> _RECORDS TO PROCESS_
▬▬▬

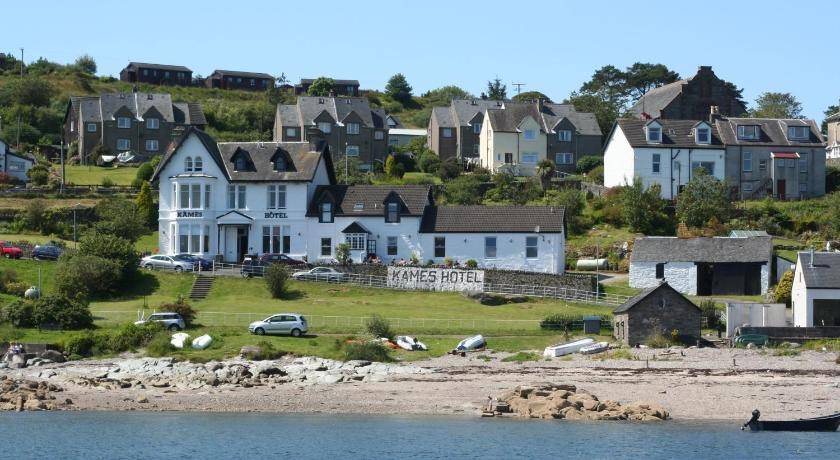 Photo of Buildings in Tighnabruaich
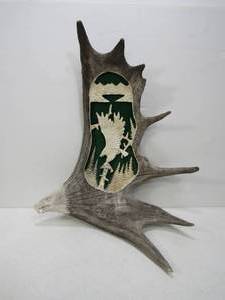 lot 268 image: Moose Antler wHand Carved Flying Eagle Scene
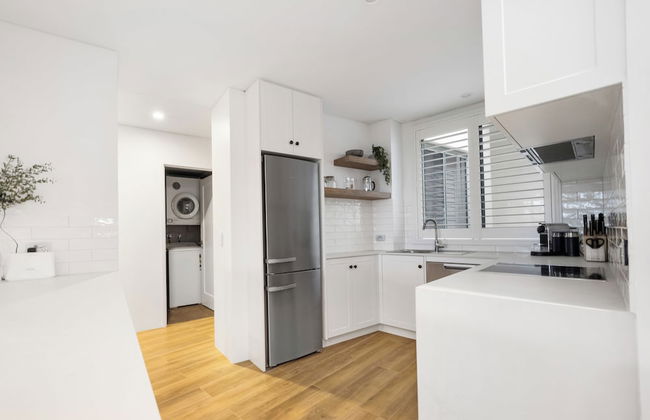 Bay Royal Apartments - Photo 16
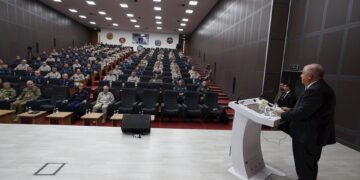 Bakan Güler, Yeni Yıl Dolayısıyla Hava Kuvvetlerimizin Kahraman Personeli ile Bir Araya Geldi
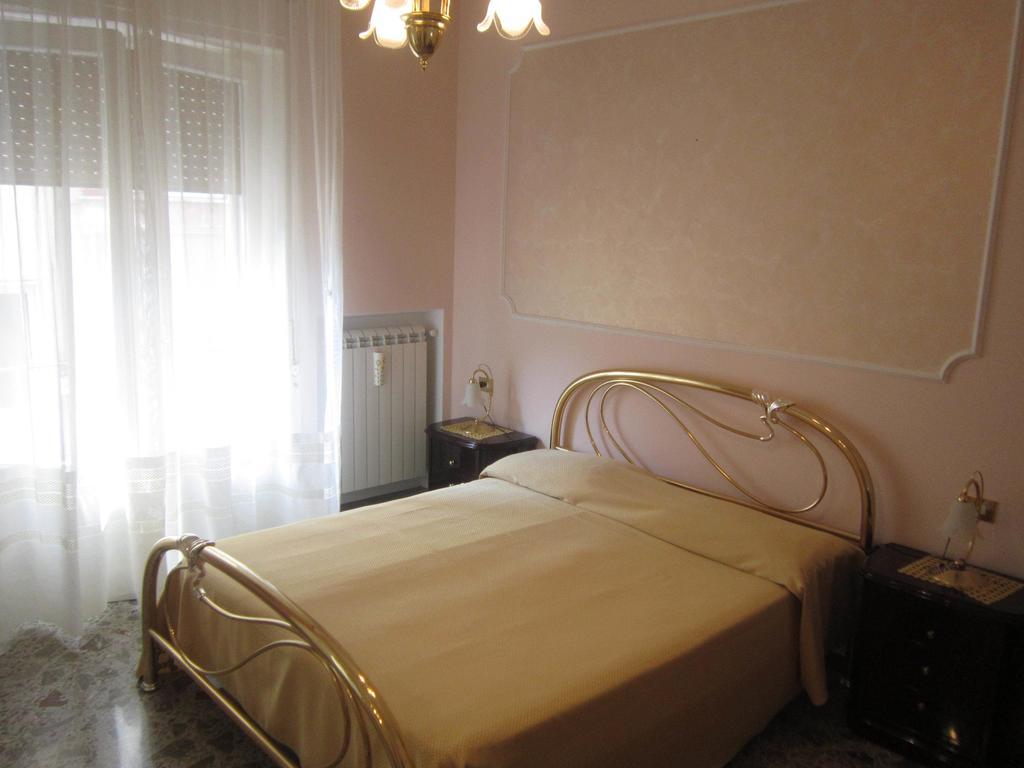 Casa Raffelina Apartment Minori Cameră foto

▬▬▬

> _DESCRIPTION OF THE TASK_
Could you copy exactly, and with no pictures, the lines above from the one containing "Bay Royal Apartments - Photo 16" through the last line, both included?

> _YOUR RESPONSE_
 Bay Royal Apartments - Photo 16
 Bakan Güler, Yeni Yıl Dolayısıyla Hava Kuvvetlerimizin Kahraman Personeli ile Bir Araya Geldi
 Casa Raffelina Apartment Minori Cameră foto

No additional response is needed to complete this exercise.